We sequenced the genome of HERB_1937_Xci, an historical strain of the crop bacterial pathogen Xanthomonas citri pv. citri (Xci) from an infected herbarium specimen sampled in 1937 in Mauritius. To our knowledge, HERB_1937_Xci is the first historical genome of a pathogenic bacterium obtained from herbarium material. Similar achievement has been previously successfully realized on viruses [28,54], oomycetes such as Phytophthora infestans [14,23,24], and more recently on cyanobacteria [55]. But for plant pathogenic bacteria in general, and more specifically for Xci, only multilocus genotyping data could be exploited from such historical material [29].

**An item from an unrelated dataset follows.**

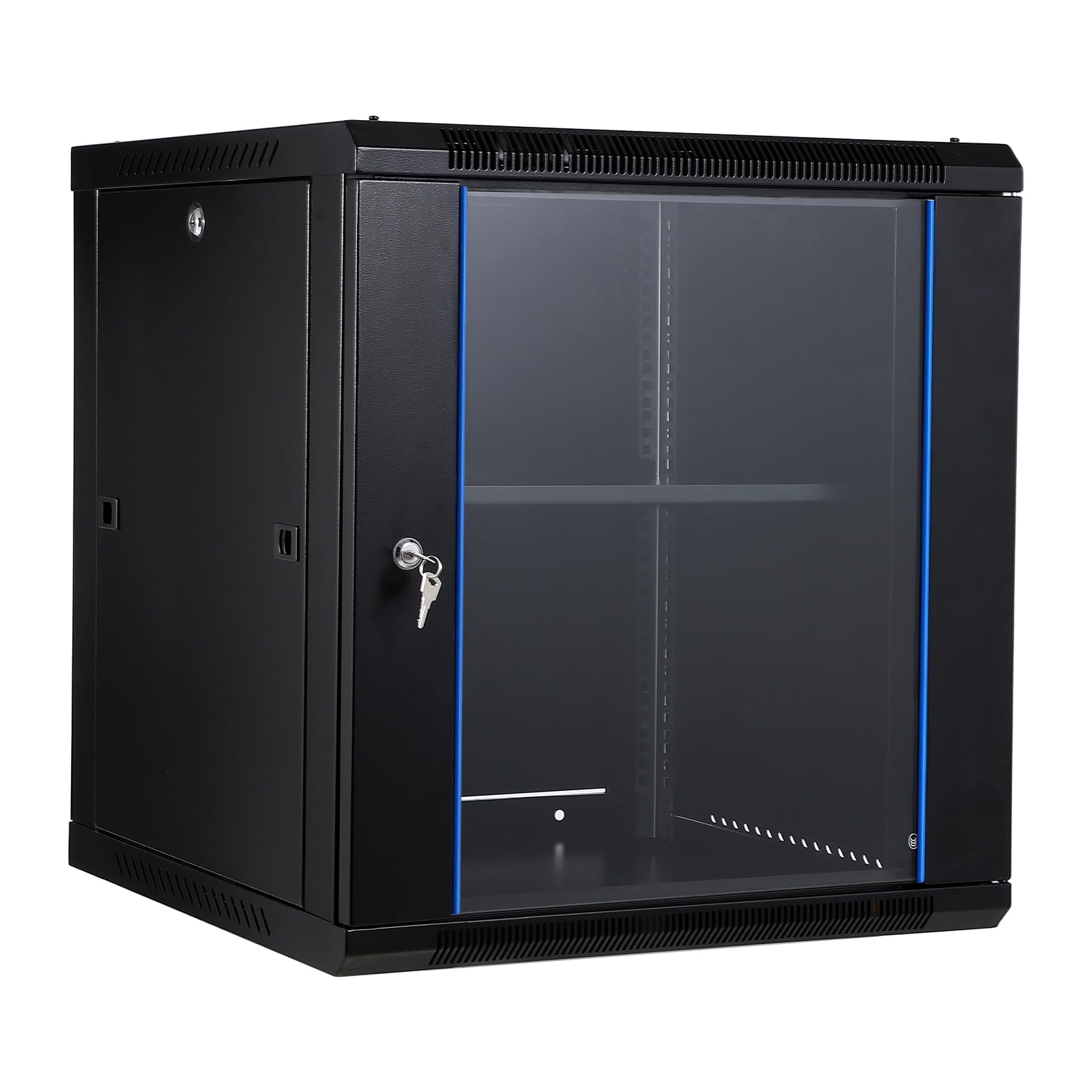 Garvee 12U Wall Mount Network Cabinet - 23.6" Deep Server Rack Enclosure with Locking Glass Door & Removable Side Panels, IT/AV Equipment Rack for Secure Data and Audio-Visual Installations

Adopting a shotgun-based deep sequencing strategy allowed us to describe the metagenomic diversity contained within our historical herbarium specimen. Among assigned reads, HERB_1937 displayed 1.2% of Xci DNA for 21.0% of Citrus sp. DNA, a pathogen/plant ratio in the range of those previously observed for P. infestans, a nonvascular pathogen isolated from infected herbarium potato leaves [20,23,24]. The microbial community also contained several bacterial genera, all described in NGS studies as part of the citrus leaf [56] or root [56,57] microbiota. The three most prominent genera (Methylobacterium, Curtobacterium and Sphingomonas, >0.5% of aligned reads) belong to the core citrus leaf microbiome [58], and the relative abundance of Methylobacterium reads among bacteria (11.7%) is consistent with studies on modern samples (from 5 to 58% [56]). These bacterial genera were thus likely associated to the living citrus plant, and/or to HERB_1937 sample, colonized during collection and storage in the herbarium. Bieker et al. [59], using deamination studies, identified a fungal species proposed to have colonized herbarium specimens shortly after collection. As illustrated by the typical aDNA patterns we observed for Methylobacterium spp., we may exclude recent or laboratory contaminations [60]. Interestingly, up to 5.4% of the reads were assigned to human DNA resulting from contaminations during specimen manipulation (collection, mounting or storage). Finally, a substantial amount (60.1%) of HERB_1937 were unassigned reads, reflecting either the incompleteness of the reference database as compared to the microbial diversity of the sample [61] or the difficulty for short reads to be assigned taxonomically, a typical result in ancient DNA research [62].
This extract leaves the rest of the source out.